Successful treatment of hypoglycemia can be achieved and maintained with LAR in infants and children with BWS who are either resistant or cannot tolerate diazoxide.


Beckwith-Wiedemann syndrome (BWS) is a genetic disorder and is the most common overgrowth syndrome in infancy with an incidence of 1:13,700 births. It is characterized by commonly having one or more of the following: macrosomia, macroglossia, hemihypertrophy, omphalocele, ear creases/pits and predisposition for childhood tumors [1]. Hyperinsulinism associated with BWS can occur in about 50% of cases, causing hypoglycemia of variable severity [2]. In 20% it can be more severe and prolonged [3, 4]. BWS is associated with abnormal regulation of gene transcription in 2 imprinted domains on chromosome 11p15.5. Regulation may be disrupted by numerous mechanisms [5, 6]. While the different genetic defects causing BWS have been correlated with the risk of tumor genesis and some dysmorphic features there has been no significant differences between BWS molecular subgroups and the frequencies of neonatal hypoglycemia [5, 7]. It is important to identify and treat the hyperinsulinemic hypoglycemia in this condition early and aggressively, in order to prevent adverse neurological outcomes and intellectual impairment [4]. There is limited literature on the use of long acting octreotide for the treatment of neonatal hypoglycemia in general [8, 9]. To our knowledge, there are no known reports of the use of LAR depot octreotide (LAR) in the treatment of hypoglycemia due to BWS. There is one case report of the short-acting form of octreotide given multiple times daily, used successfully in a child with BWS [10].

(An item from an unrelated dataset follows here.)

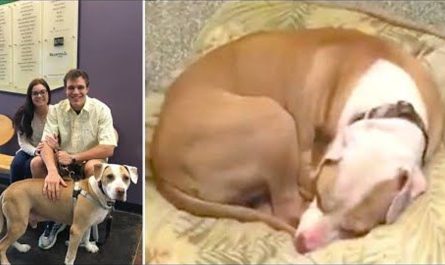 Shelter Dog Believes It's One More Lonely Day, Didn't Know His 'New Mother' Was Outside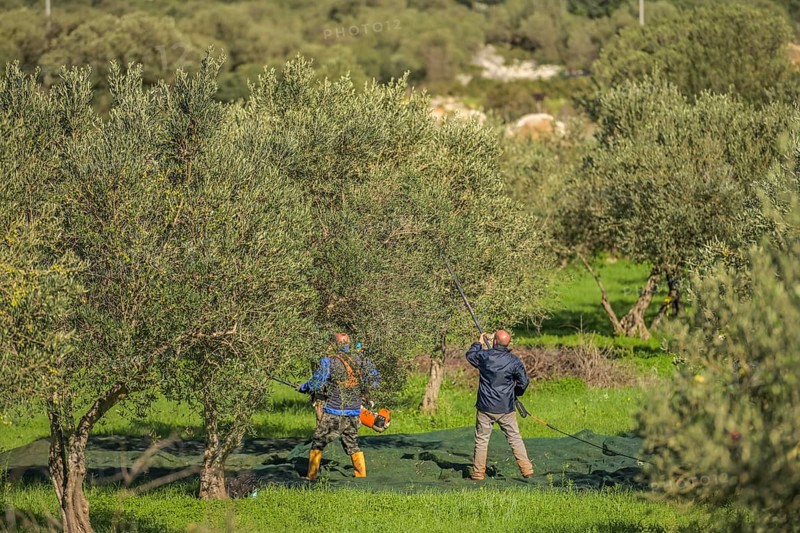 Olive harvest near Custonaci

We describe two cases successfully treated long term with LAR. We propose that the parenteral use of octreotide may be indicated if patients are unresponsive to diazoxide or develop undesirable side effects.

Case presentations

Patient 1

A female infant of Hispanic descent was born large for gestational age (LGA) at 4.61 kg at 37 weeks gestation to a 31-year-old mother. Pregnancy was uncomplicated except for fetal macrosomia. At birth she had clinical features consistent with BWS that included macroglossia, hemihypertrophy, small omphalocele and high α-fetoprotein (36300 ng/ml). Genetic testing showed L1T1 (KCNQ1OT1) hypomethylation and H19 hypermethylation. On day of life (DOL) 1 she developed severe hypoglycemia, requiring continuous glucose infusion. While she was on frequent feeds she had severe hypoglycemia with relative hyperinsulinism: nadir glucose 10 mg/dl, insulin 2 uIU/mL, β-hydroxybutarate 1.2 mg/dl, and noncontributory cortisol and growth hormone levels. Her brisk glucose rise in response to glucagon was supportive of hyperinsulinism as well. She was started on diazoxide for persistent hypoglycemia on DOL10 and despite very high doses, up to 22 mg/kg/day she remained hypoglycemic, and developed pulmonary congestion. She was then switched to sc octreotide every 8 hours, starting at 15 mcg/kg/day and was titrated up to 40 mcg/kg/day. She was converted a week later to LAR starting at 6 mg monthly, which was 30 times her daily dose that kept her glucose steady. However, she was not fully controlled with her hypoglycemia on that initial LAR dose, and she received an extra dose of 3 mg LAR a few days later. Following that she received 9 mg every month and remained euglycemic past the age of 2 years old, when we felt we can lower her dose of LAR gradually. She is currently 3 years old and maintains euglycemia on a monthly dose of 7 mg of LAR and tolerates 8 hours or longer of overnight fast.

Her high α-fetoprotein trended down over 12 months (36300 to 20 ng/ml). Having being monitored with frequent ultrasounds, she was diagnosed with Wilms tumor stage I favorable histology at age 2 and underwent a right lower partial nephrectomy and had received chemotherapy without any complications.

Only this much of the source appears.